Crise libyenne : Carnage dans la banlieue de Tripoli
Zine Cherfaoui, El Watan, 04 juillet 2019
Nouveau massacre en Libye, pays en proie à une guerre civile depuis plusieurs mois. Au moins 44 migrants ont été tués, mardi soir, dans une frappe aérienne contre le centre de détention de migrants de Tajoura, situé à proximité d’un camp militaire en banlieue est de Tripoli.
Le raid meurtrier a été condamné par l’ensemble de la communauté internationale. Le gouvernement d’union nationale (GNA), basé à Tripoli et reconnu par la communauté internationale, a dénoncé dans un communiqué «un crime odieux». Il a attribué l’attaque au «criminel de guerre, Khalifa Haftar», chef de l’autoproclamée Armée nationale libyenne (ANL) qui a lancé une offensive début avril pour s’emparer de la capitale libyenne.
Le GNA a accusé les forces pro-Haftar d’avoir mené une attaque «préméditée» et «précise» contre le centre de migrants. L’Armée nationale libyenne (ANL) de Khalifa Haftar a nié de son côté avoir touché le centre de détention de migrants lors du raid aérien, affirmant que des milices alliées à Tripoli l’avaient bombardé après une frappe de précision menée par l’ANL contre un camp militaire. La banlieue de Tajoura, qui compte plusieurs sites militaires appartenant aux groupes armés pro-GNA, est régulièrement la cible de raids aériens des forces du maréchal Khalifa Haftar.
Ces dernières ont promis, cette semaine, d’intensifier les frappes aériennes contre leurs rivales du GNA, après avoir perdu Gharyan, ville située à une centaine de kilomètres de Tripoli dont le maréchal avait fait son centre opérationnel dans son offensive contre la capitale, à plus de 1000 km de son bastion de Benghazi.
Crime de guerre
Au moins 130 personnes ont été également blessées dans l’attaque, selon un bilan communiqué par la mission de l’ONU en Libye. «Le bilan pourrait s’aggraver», a indiqué à la presse un porte-parole des services de secours, Osama Ali.
C’est la seconde fois que ce centre pour migrants de Tajoura, où vivent plus de 600 personnes, est touché depuis le début de l’offensive menée contre Tripoli par les unités de l’ANL. L’émissaire de l’ONU en Libye, Ghassan Salamé, a vivement condamné hier le raid aérien meurtrier, affirmant que ce «carnage» est susceptible de constituer un «crime de guerre». «Cet attentat pourrait clairement constituer un crime de guerre, frappant des innocents (…) contraints d’échouer dans cet abri par des conditions de vie épouvantables», a dénoncé M. Salamé.
L’émissaire onusien a appelé la communauté internationale «à condamner ce crime et à imposer les sanctions appropriées à ceux qui ont mené cette opération en violation flagrante du droit international humanitaire». «Ce carnage ignoble et sanglant est une conséquence des plus horribles et tragiques de l’absurdité de cette guerre», a encore souligné M. Salamé.

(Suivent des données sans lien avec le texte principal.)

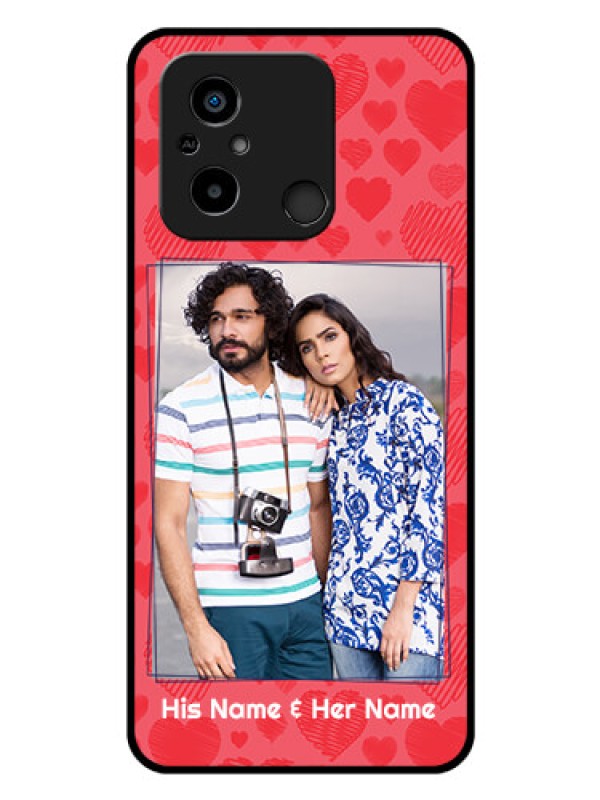 Custom Poco C55 Photo Printing on Glass Case - with Red Heart Symbols Design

La mission d’appui de l’ONU en Libye (Manul) a maintes fois exprimé son inquiétude sur le sort d’environ 3500 migrants et réfugiés «en danger dans des centres de détention situés près de zones d’affrontements».
L’Union africaine, l’Union européenne mais aussi Paris et Rome ont condamné «fermement» une «horrible attaque» et ce sont associées à l’appel de l’ONU pour l’ouverture d’une enquête. Ankara, qui soutient militairement le GNA, a qualifié l’attaque de «crime contre l’humanité». Sur Twitter, le chef du Haut-Commissariat pour les réfugiés (HCR), Filippo Grandi, a posté «trois messages clés : les migrants et réfugiés ne doivent ‘pas’ être en détention, les civils ne doivent ‘pas’ être des cibles, la Libye n’est ‘pas’ un lieu sûr pour un renvoi» des migrants.
A l’initiative du Pérou, président en exercice du Conseil de sécurité pour le mois de juillet, le Conseil de sécurité de l’ONU devait se réunir hier à huis clos en urgence pour tenter de mettre fin au bain de sang en Libye. Depuis le lancement, début avril, d’une offensive du maréchal Khalifa Haftar pour s’emparer de Tripoli, le Conseil de sécurité reste en panne d’accord sur une résolution réclamant un cessez-le-feu. Aussi, les observateurs n’attendaient pas grand-chose de cette réunion. Les divergences de la communauté internationale à faire taire les armes en Libye ont été plusieurs fois critiquées dans le passé par Ghassan Salamé. Depuis le renversement de Mouammar El Gueddafi, le monde a en effet abandonné les Libyens à leur propre sort.